### Problem
Of all the entries below, retype only the lines from the one with "Brunello Cucinelli Bordeaux" through the one with "Free Ship US&US", exactly as they appear.

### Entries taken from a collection
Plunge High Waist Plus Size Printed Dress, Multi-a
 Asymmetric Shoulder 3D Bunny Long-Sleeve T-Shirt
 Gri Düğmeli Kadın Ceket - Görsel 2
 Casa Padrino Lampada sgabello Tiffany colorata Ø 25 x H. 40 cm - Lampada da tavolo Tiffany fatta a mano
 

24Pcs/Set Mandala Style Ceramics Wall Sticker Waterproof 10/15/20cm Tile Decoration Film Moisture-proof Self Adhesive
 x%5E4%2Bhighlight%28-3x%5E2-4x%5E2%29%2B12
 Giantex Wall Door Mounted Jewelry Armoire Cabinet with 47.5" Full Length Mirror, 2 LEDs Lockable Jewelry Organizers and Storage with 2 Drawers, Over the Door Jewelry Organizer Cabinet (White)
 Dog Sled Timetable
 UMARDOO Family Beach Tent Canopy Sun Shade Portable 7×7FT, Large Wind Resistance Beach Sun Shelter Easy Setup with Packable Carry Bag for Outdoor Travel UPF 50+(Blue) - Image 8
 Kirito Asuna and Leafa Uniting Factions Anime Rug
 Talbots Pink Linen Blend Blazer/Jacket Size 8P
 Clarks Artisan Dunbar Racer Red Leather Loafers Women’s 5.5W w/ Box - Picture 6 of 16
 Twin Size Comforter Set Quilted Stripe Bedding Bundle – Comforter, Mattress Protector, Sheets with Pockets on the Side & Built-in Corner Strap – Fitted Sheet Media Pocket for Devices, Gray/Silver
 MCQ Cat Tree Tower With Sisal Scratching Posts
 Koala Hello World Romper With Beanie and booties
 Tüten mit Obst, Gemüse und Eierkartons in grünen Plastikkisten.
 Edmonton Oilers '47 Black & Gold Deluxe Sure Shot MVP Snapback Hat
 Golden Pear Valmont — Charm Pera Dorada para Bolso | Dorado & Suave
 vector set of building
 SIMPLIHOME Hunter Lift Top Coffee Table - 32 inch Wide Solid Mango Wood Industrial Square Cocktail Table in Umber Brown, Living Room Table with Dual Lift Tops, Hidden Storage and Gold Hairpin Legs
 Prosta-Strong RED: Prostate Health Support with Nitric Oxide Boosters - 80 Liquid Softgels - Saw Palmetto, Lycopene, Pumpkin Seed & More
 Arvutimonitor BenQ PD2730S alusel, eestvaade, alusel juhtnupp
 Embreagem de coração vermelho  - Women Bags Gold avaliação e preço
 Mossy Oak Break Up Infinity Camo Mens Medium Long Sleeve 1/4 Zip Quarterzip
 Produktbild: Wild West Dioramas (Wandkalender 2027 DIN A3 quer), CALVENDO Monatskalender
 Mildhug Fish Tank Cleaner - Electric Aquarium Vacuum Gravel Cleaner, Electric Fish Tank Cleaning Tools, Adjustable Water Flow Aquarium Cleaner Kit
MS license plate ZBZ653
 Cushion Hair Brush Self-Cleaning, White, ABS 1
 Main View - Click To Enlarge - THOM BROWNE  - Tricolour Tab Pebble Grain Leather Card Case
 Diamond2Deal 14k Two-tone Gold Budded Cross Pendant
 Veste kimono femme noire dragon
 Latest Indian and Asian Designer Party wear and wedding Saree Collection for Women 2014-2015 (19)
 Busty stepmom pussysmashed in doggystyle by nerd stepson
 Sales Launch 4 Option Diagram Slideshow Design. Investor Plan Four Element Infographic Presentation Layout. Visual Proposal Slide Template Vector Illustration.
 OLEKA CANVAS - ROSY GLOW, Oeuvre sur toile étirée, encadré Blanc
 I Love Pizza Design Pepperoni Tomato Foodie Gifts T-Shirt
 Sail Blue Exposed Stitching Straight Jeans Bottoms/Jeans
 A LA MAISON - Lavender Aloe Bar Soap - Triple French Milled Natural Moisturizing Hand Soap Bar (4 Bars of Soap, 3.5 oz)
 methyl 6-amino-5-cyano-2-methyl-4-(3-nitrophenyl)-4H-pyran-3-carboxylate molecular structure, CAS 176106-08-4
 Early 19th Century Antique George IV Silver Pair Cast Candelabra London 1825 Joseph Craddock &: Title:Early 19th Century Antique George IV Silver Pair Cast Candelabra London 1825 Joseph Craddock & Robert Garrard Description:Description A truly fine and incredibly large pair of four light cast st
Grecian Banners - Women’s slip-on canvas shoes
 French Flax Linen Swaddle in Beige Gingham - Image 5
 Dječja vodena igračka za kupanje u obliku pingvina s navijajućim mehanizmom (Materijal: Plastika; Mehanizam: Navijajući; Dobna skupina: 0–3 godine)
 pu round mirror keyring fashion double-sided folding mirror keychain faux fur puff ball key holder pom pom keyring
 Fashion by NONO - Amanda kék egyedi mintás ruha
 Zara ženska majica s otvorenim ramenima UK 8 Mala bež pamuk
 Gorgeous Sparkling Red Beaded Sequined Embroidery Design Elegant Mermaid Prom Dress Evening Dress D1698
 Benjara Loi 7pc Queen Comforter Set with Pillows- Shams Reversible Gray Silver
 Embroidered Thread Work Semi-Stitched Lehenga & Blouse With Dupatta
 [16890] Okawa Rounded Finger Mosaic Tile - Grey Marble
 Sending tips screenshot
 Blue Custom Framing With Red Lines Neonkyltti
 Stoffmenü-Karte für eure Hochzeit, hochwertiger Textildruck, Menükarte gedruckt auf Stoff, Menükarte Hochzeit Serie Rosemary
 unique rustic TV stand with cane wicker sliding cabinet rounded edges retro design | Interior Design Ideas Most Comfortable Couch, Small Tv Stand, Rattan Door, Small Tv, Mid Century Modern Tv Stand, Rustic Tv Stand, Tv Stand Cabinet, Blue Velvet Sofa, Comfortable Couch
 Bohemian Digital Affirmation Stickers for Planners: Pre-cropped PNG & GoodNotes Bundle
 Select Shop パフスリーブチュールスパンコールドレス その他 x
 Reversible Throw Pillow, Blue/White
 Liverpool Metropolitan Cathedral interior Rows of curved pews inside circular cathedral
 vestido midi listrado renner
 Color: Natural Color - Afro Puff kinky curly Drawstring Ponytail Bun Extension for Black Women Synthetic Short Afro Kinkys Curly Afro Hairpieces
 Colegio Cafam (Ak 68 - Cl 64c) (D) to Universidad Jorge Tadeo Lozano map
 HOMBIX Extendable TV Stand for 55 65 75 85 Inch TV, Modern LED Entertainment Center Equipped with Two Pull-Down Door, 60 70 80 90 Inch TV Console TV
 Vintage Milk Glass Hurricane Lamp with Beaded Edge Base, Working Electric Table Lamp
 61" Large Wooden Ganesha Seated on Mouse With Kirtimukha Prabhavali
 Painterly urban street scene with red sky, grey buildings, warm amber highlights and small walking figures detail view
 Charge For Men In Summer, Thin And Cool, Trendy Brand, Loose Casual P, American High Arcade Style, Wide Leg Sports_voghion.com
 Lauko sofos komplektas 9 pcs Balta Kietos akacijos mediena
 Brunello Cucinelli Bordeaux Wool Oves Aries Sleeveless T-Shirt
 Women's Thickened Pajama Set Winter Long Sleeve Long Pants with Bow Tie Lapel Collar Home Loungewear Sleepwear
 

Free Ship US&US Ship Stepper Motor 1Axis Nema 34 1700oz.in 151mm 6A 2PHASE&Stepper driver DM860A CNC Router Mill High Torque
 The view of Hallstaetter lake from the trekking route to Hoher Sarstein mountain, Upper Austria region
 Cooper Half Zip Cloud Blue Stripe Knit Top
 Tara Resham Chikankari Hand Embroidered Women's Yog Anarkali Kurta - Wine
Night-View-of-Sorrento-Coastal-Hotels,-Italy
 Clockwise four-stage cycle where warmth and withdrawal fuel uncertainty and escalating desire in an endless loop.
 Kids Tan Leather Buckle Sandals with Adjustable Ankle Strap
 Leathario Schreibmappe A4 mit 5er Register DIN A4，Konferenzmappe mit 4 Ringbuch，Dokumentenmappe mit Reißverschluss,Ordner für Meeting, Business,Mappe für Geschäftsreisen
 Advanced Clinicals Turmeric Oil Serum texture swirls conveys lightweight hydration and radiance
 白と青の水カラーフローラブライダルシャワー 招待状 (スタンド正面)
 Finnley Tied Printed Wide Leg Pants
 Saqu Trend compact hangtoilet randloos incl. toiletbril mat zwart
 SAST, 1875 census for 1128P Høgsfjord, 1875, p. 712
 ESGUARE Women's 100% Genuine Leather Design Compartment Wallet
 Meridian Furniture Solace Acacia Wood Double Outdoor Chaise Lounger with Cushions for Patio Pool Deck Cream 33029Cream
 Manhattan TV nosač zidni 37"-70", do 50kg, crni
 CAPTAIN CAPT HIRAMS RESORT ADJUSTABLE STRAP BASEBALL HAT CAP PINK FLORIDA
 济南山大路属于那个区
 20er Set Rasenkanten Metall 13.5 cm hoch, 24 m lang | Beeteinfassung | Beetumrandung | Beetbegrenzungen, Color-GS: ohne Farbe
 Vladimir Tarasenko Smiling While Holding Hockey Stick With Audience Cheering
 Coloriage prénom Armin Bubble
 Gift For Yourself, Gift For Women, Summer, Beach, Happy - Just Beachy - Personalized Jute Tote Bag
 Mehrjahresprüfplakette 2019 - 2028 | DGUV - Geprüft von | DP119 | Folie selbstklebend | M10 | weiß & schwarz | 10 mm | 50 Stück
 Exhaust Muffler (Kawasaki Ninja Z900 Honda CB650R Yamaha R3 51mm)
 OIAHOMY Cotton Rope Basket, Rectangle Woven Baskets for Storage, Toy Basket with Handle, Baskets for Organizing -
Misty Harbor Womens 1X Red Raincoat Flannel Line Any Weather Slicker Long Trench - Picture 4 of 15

### Solution
 Brunello Cucinelli Bordeaux Wool Oves Aries Sleeveless T-Shirt
 Women's Thickened Pajama Set Winter Long Sleeve Long Pants with Bow Tie Lapel Collar Home Loungewear Sleepwear
 

Free Ship US&US Ship Stepper Motor 1Axis Nema 34 1700oz.in 151mm 6A 2PHASE&Stepper driver DM860A CNC Router Mill High Torque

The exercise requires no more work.